Dans une population de Staphylococcus aureus, une mutation rare confère à quelques individus une résistance à la pénicilline. Un patient infecté reçoit un traitement de 10 jours mais l'arrête au bout de 5 jours, se sentant mieux.

  1. Expliquer pourquoi, avant tout traitement, la quasi-totalité des bactéries est sensible à la pénicilline.
    Corrigé
    a) En l'absence d'antibiotique, la mutation de résistance ne confère aucun avantage sélectif. Sans pression de sélection, la mutation de résistance ne procure aucun avantage et peut même représenter un coût énergétique (synthèse d'une enzyme de dégradation, par exemple). Les bactéries sensibles dominent donc largement la population.
  2. Décrire l'évolution de la population bactérienne lors des 5 premiers jours de traitement.
    Corrigé
    b) La pénicilline exerce une pression de sélection sur la population. \(La pénicilline tue les bactéries sensibles, qui constituent la majorité de la population. Les rares bactéries mutantes résistantes survivent et se divisent sans compétition (division toutes les ≈ 20 min). La proportion de bactéries résistantes augmente fortement dans la population au cours du traitement.\)
  3. Expliquer ce qui se passe dans la population après l'arrêt prématuré du traitement.
    Corrigé
    c) À J5, la population bactérienne n'est pas encore éliminée et comprend une fraction résistante significative. En l'absence d'antibiotique, la pression de sélection disparaît. Les bactéries résistantes encore présentes se multiplient librement. La population repart en étant désormais majoritairement composée de bactéries résistantes, rendant un nouveau traitement à la pénicilline inefficace.
  4. Conclure sur les conséquences pour le patient et pour la santé publique.
    Corrigé
    d) Conséquences individuelles et collectives. Pour le patient : l'infection persistera ou récidivera avec des souches résistantes, rendant le traitement plus difficile et potentiellement plus dangereux. Pour la santé publique : le patient devient un réservoir de souches résistantes qu'il peut transmettre à son entourage, contribuant à la propagation de la résistance dans la population.

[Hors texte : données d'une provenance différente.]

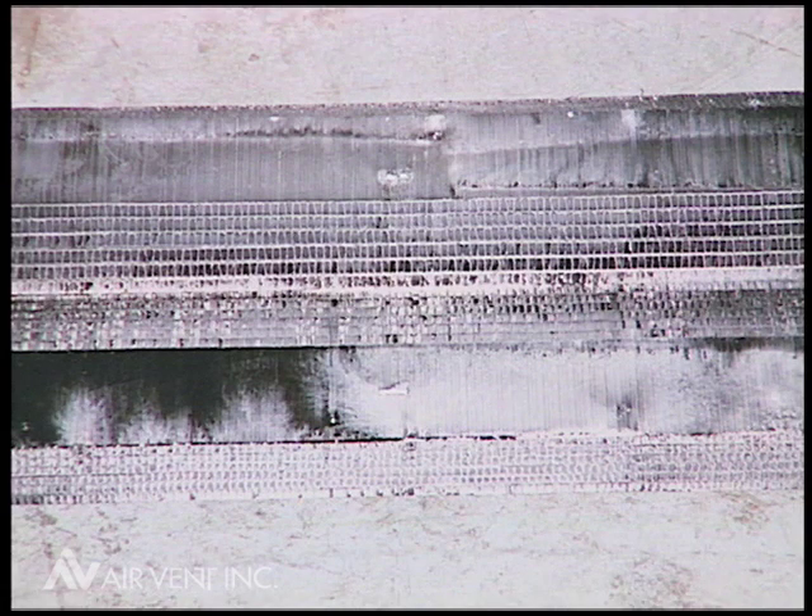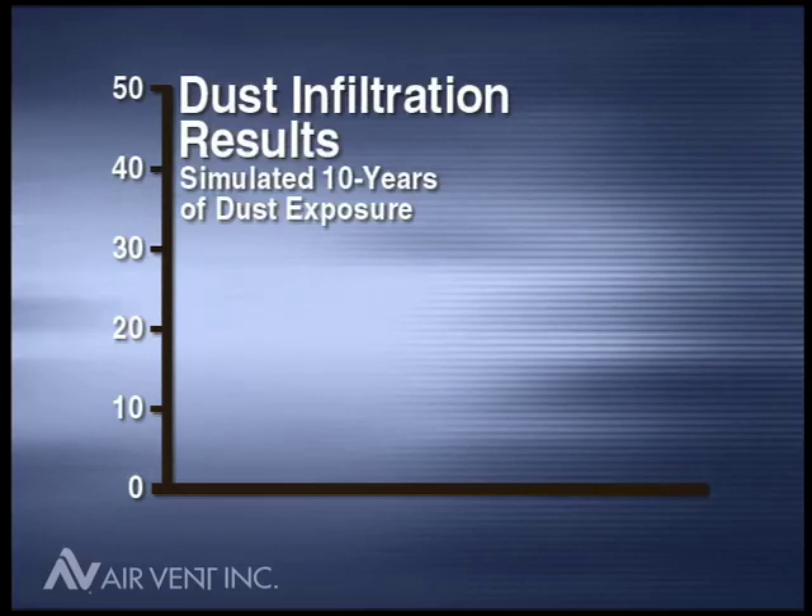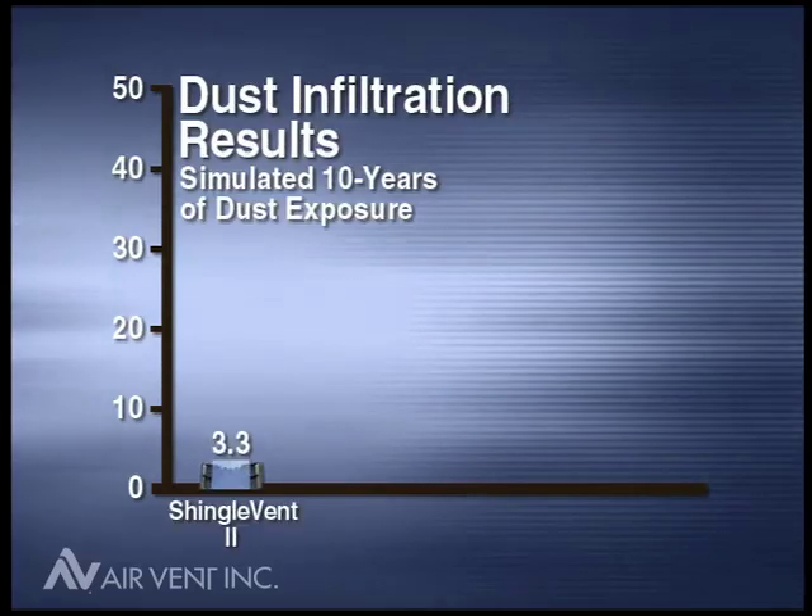Without deflecting the wind away from the edge of the vent, dust might build up in a vent and reduce airflow over time. In tests that simulated 10 years of windblown dust exposure, Shingle Vent II by far collected the least amount of dust — only 3.3 grams for a 2-foot section.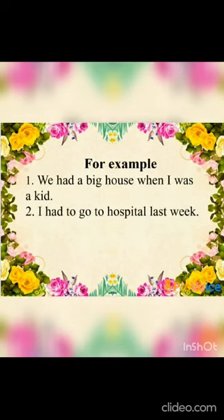Some more examples using 'had' with pronouns: 'We had a big house when I was a kid.' 'I had to go to hospital last week.'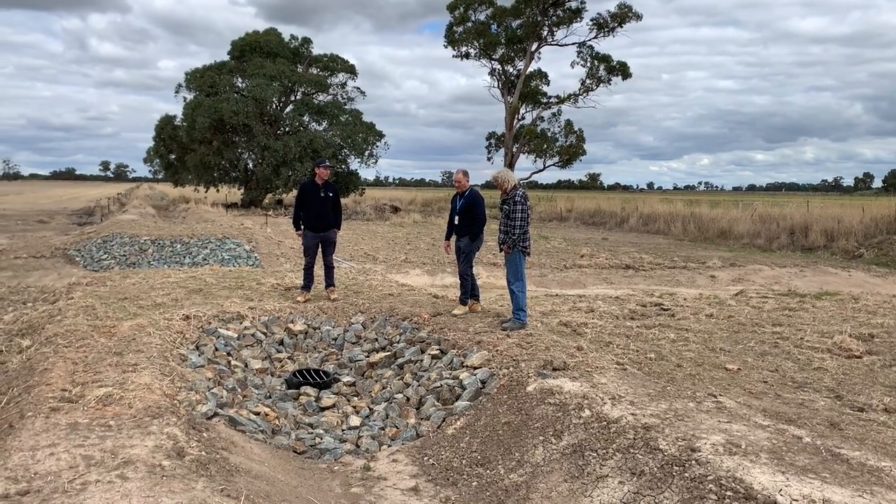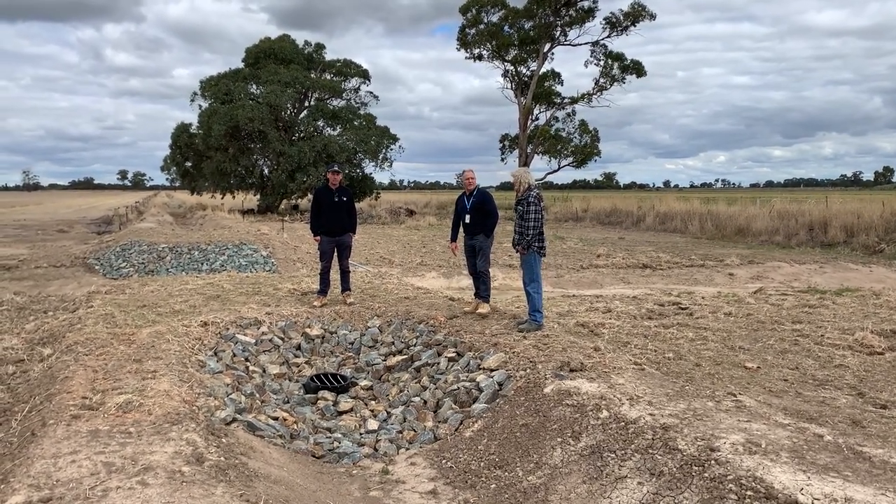The pipe that we've got here is about a metre below the bed level of the creek, and that allows Tony's water to come from his irrigation supply, goes underneath the creek, and then discharges into his on-farm infrastructure so he's able to irrigate.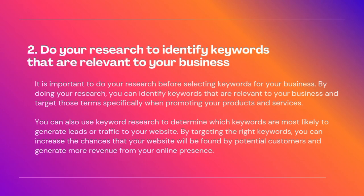2. Do your research to identify keywords that are relevant to your business. It is important to do your research before selecting keywords for your business. By doing your research, you can identify keywords that are relevant to your business and target those terms specifically when promoting your products and services. You can also use keyword research to determine which keywords are most likely to generate leads or traffic to your website.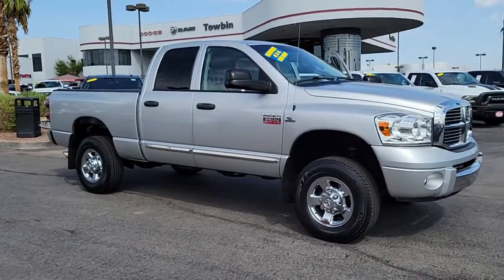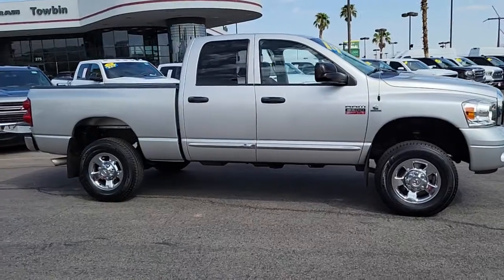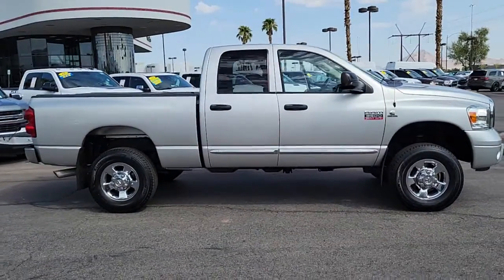You will love the features of this 2008 Dodge Ram. This vehicle still has fewer than 90,000 miles on the clock, so it won't last long.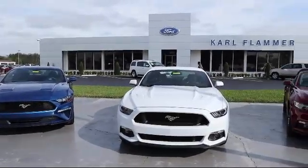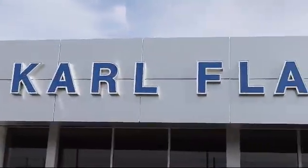Welcome to Carl Flammer Ford, and here's a look at another one of our vehicles from our great selection.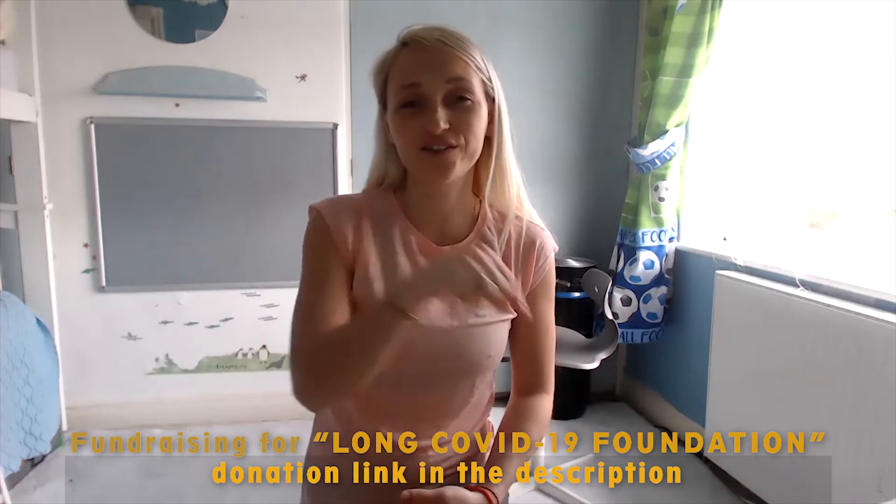Good morning everyone and welcome back to week two of post-COVID PE workout sessions with Val. I'm glad that you've joined me today. We continue doing these exercises: 30 seconds of work and 30 seconds of rest when we do deep breaths. Today is going to be very similar to our previous sessions last week, and I want you to do these exercises on a daily basis — it's very important to have them regularly. As always, remember this is a fundraising activity and all funds go to the Long Covid Foundation.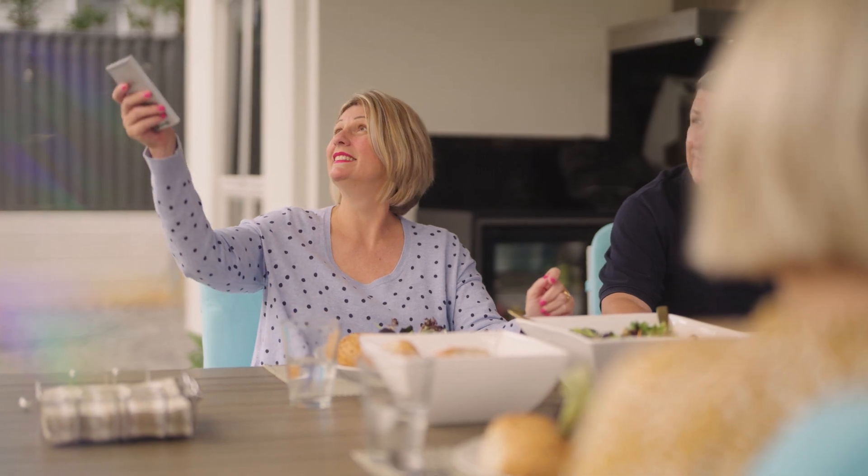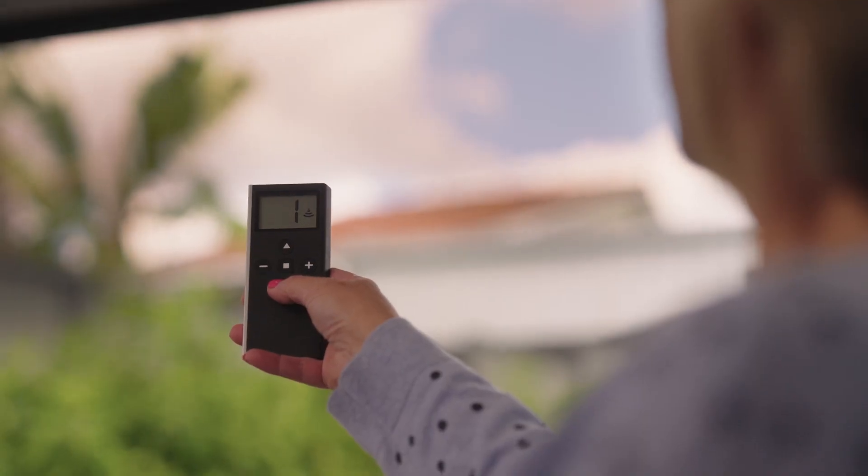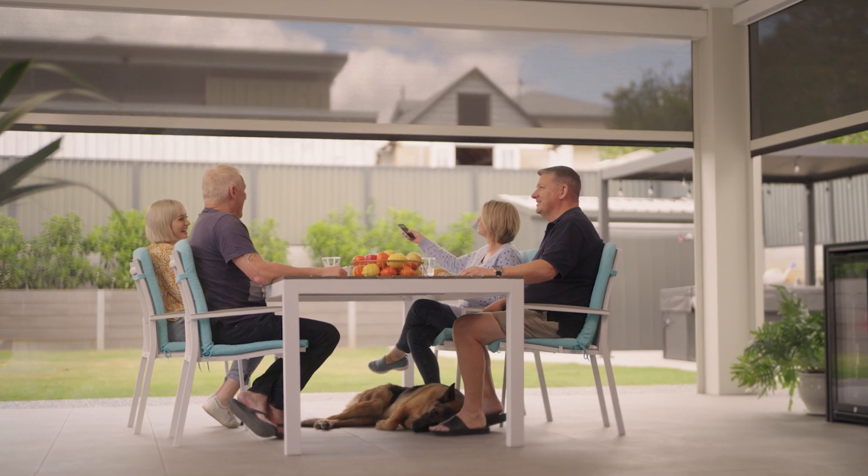It feels like it could be a hot summer. And that's why we had the outdoor blinds installed by Franklin. With the touch of a button, we can open the place right up. Once you've had the motors, you can't go back.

Plus loin : un argument probabiliste, et le milieu hospitalier.

1Multirésistance et transfert horizontal

Un médecin constate qu'une souche bactérienne, initialement sensible à trois antibiotiques différents, est devenue résistante aux trois simultanément après une hospitalisation du patient.

  1. Peut-on expliquer cette triple résistance simultanée par des mutations indépendantes ? Justifier à l'aide d'un argument probabiliste.
    Corrigé
    a) Probabilité de trois mutations indépendantes survenant simultanément dans la même cellule. Non. La probabilité qu'une mutation conférant une résistance survienne est déjà très faible (de l'ordre de 10⁻⁸ à 10⁻⁹ par division). La survenue simultanée de trois mutations indépendantes dans le même individu bactérien serait d'une probabilité infime (produit des trois probabilités individuelles), incompatible avec l'observation clinique. Un autre mécanisme doit être invoqué.
  2. Quel mécanisme de transmission génétique permet d'expliquer l'acquisition simultanée de plusieurs gènes de résistance ? Décrire brièvement ce mécanisme.
    Corrigé
    b) Transfert horizontal par conjugaison et plasmide de résistance multiple. Le transfert horizontal de gènes par conjugaison bactérienne explique cette acquisition simultanée. Une bactérie donneuse (présente en milieu hospitalier) établit un contact physique avec la bactérie receveuse et lui transfère un plasmide portant plusieurs gènes de résistance (plasmide multi-résistant). La bactérie receveuse acquiert ainsi en une seule étape la résistance à plusieurs antibiotiques.
  3. Pourquoi les milieux hospitaliers favorisent-ils particulièrement l'émergence et la diffusion des bactéries multirésistantes (BMR) ?
    Corrigé
    c) Facteurs hospitaliers favorisant l'émergence et la diffusion des BMR. En milieu hospitalier : (1) usage intensif et répété d'antibiotiques qui exerce une forte pression de sélection en permanence ; (2) présence simultanée de nombreux patients infectés et immunodéprimés, facilitant les contacts bactérie-bactérie (surfaces, matériel médical) et donc les conjugaisons ; (3) actes invasifs (sondes, cathéters) qui court-circuitent les barrières naturelles et ouvrent des portes d'entrée aux BMR ; (4) patients fragilisés chez qui les BMR peuvent s'établir durablement et se disséminer.